Its gangly silhouette has become synonymous with the entire American West, but the iconic saguaro is actually native to a fairly small area. Despite the label on your Tex-Mex salsa, there are no saguaros in Texas unless they're in botanic gardens or in pots. A stylized saguaro graces the sign of the Cactus Cafe in Wall, South Dakota, but South Dakota is 800 miles from the nearest wild saguaro. Colorado? Nevada? New Mexico? No tienen saguaros.

In fact, the species' range covers about two thirds of the state of Sonora, Mexico, and the southwest third of the state of Arizona, and that is pretty much it excepting one small population in California's Whipple Mountains, in the easternmost part of the state, and an even smaller population in Imperial County. I've come to the Palo Verde Mountains in Imperial County to look for more.

By "an even smaller population" I mean there's one confirmed wild saguaro in Imperial County. Added to that one plant are a lot of rumors that it's not the only one there. That Imperial saguaro is some miles farther west than those in the Whipples, and it's west of Arizona and Sonora as well, which means that it's the World's Westernmost Known Wild Saguaro. According to Rancho Santa Ana Botanic Garden's field botanist Duncan Bell, who has seen it with his own two eyes, that westernmost known saguaro is a healthy, mature tree. It's about 30 feet tall with several robust arms. That would make it about 80 years old, perhaps older.

And then there are the rumors. The BLM's page for the Palo Verde Mountains Wilderness says "Saguaro cactus dot the southeastern part of the wilderness, a rare plant species in California." They provide no citation nor photos. The Calflora database shows that revered botanist Philip Munz found a saguaro in the Cuyamaca-Laguna mountains south of here, just above what is now called Imperial Dam, in the spring of 1931. That individual saguaro is long gone.
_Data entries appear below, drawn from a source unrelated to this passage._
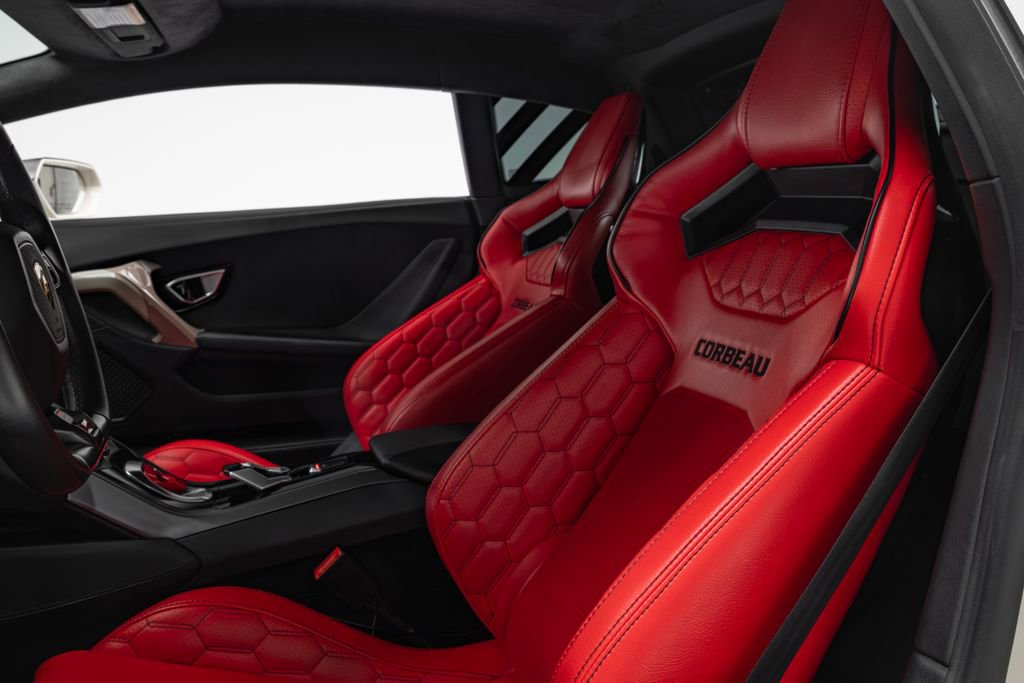 Used 2015 Lamborghini Huracan LP 610-4 image 13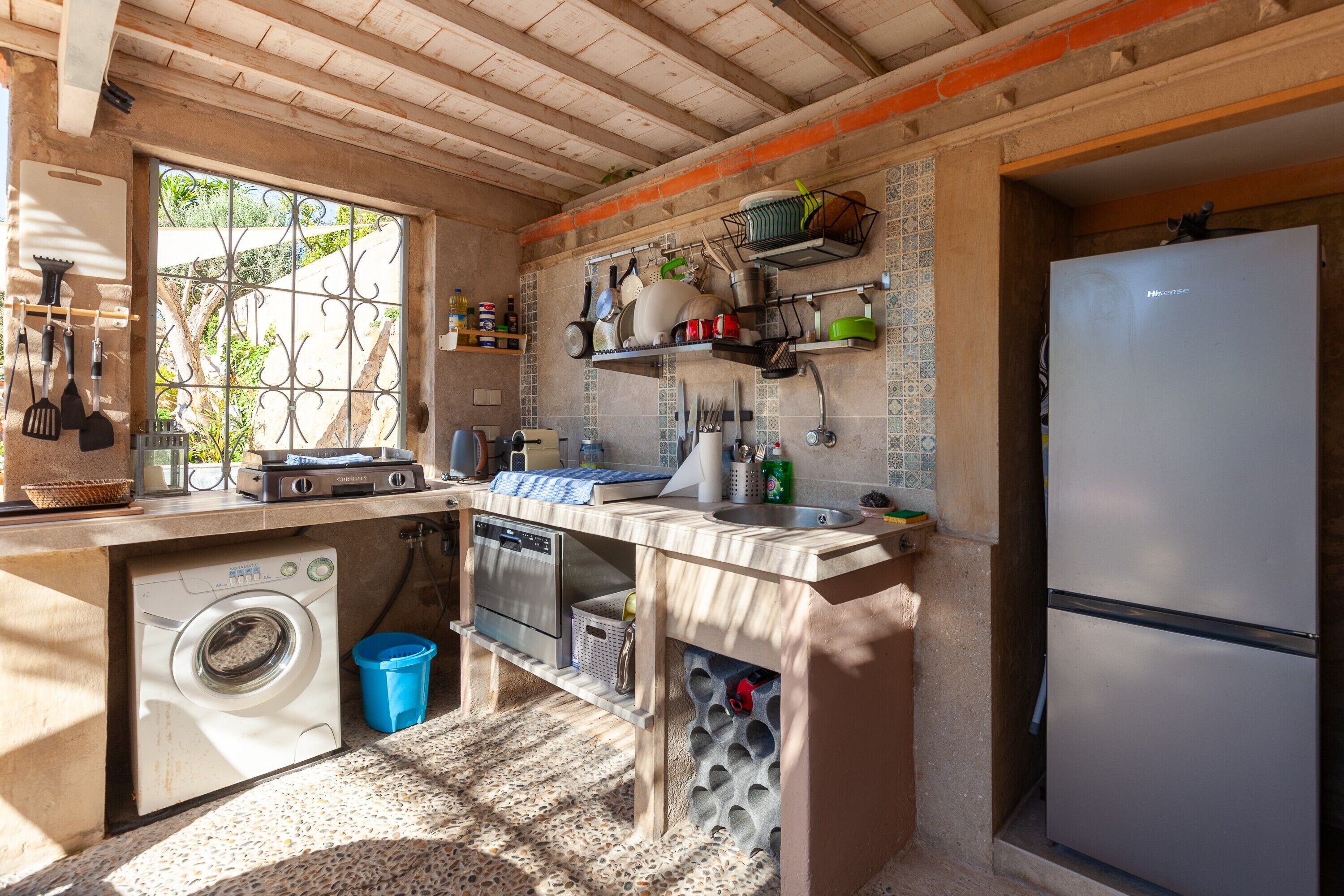 Réfrigérateur, micro-ondes, plaque de cuisson, lave-vaisselle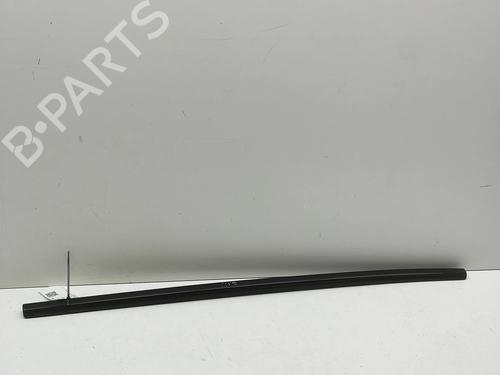 Dørliste BMW X6 (G06, F96) xDrive 30 d Mild-Hybrid (298 hp) 32653887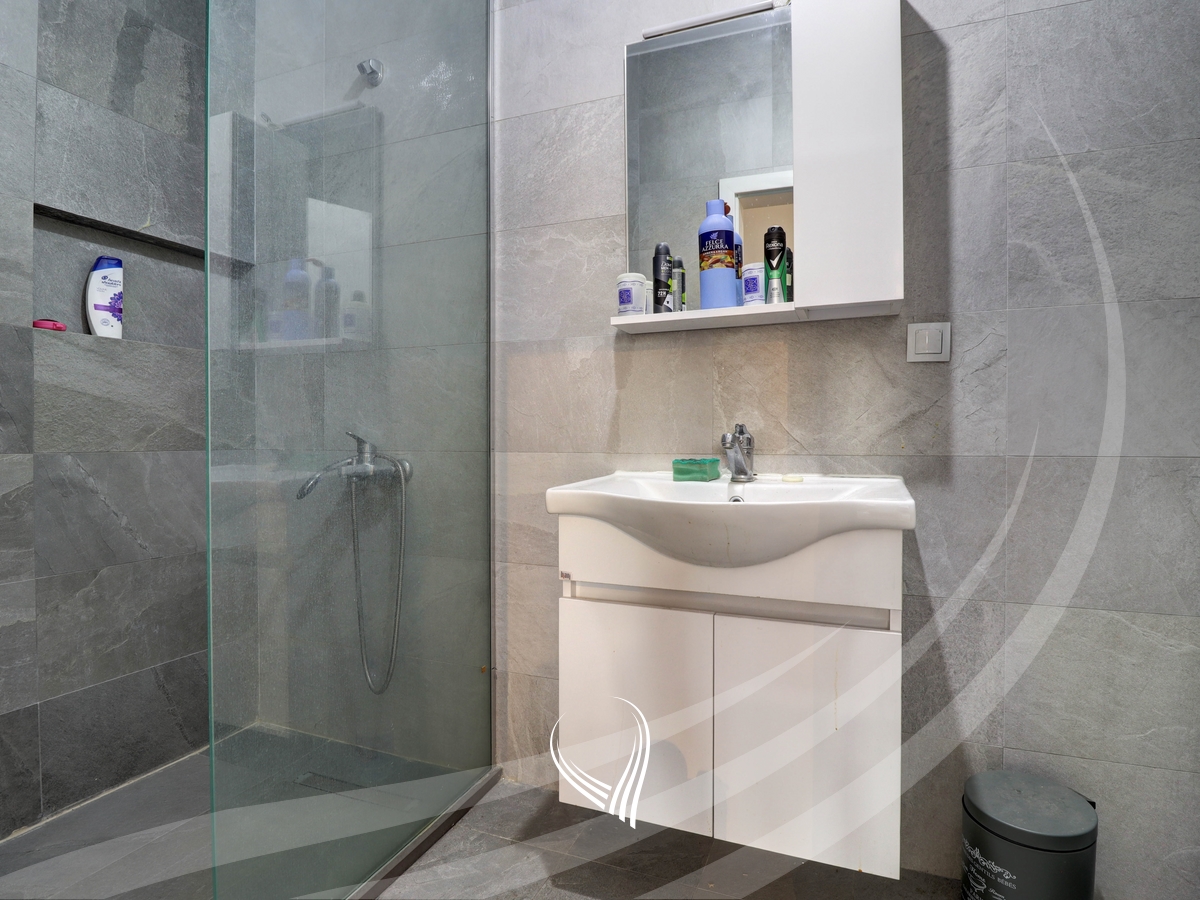 Banesë me 2 dhoma gjumi me qira në lagjen Mati 1 – Rruga C9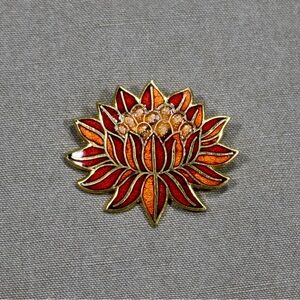 Costume jewelry MMA metropolitan museum lotus flower brooch pin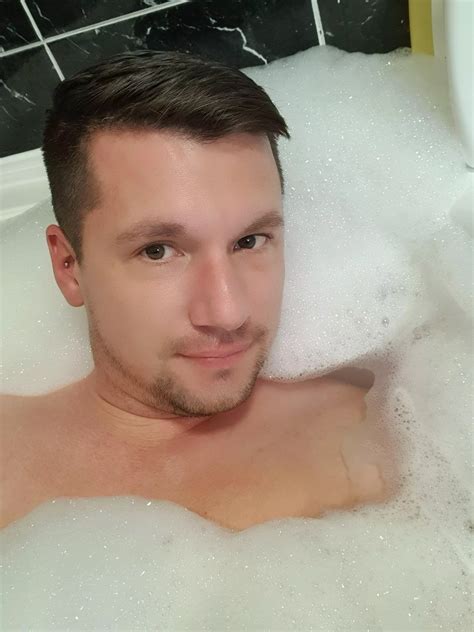 Decided This Was The Best Way To Warm Up Nudes Gaybrosgonemild NUDE PICS ORG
CalFlora also has four reports from 1931 of the cactus growing in Tulare County, along the ridgeline of the Sierra Nevada north of Walker Pass, at above 6,000 feet. Whoever made those reports may have been hallucinating from overexertion or dehydration. You're as likely to find saguaros in South Dakota as atop the Sierra, even in the lower elevations around Walker Pass. (That's not a failing in CalFlora: the database contains records from a number of collections of historic observations, some less reliable than others, and no one has the budget to ground-truth every last one.)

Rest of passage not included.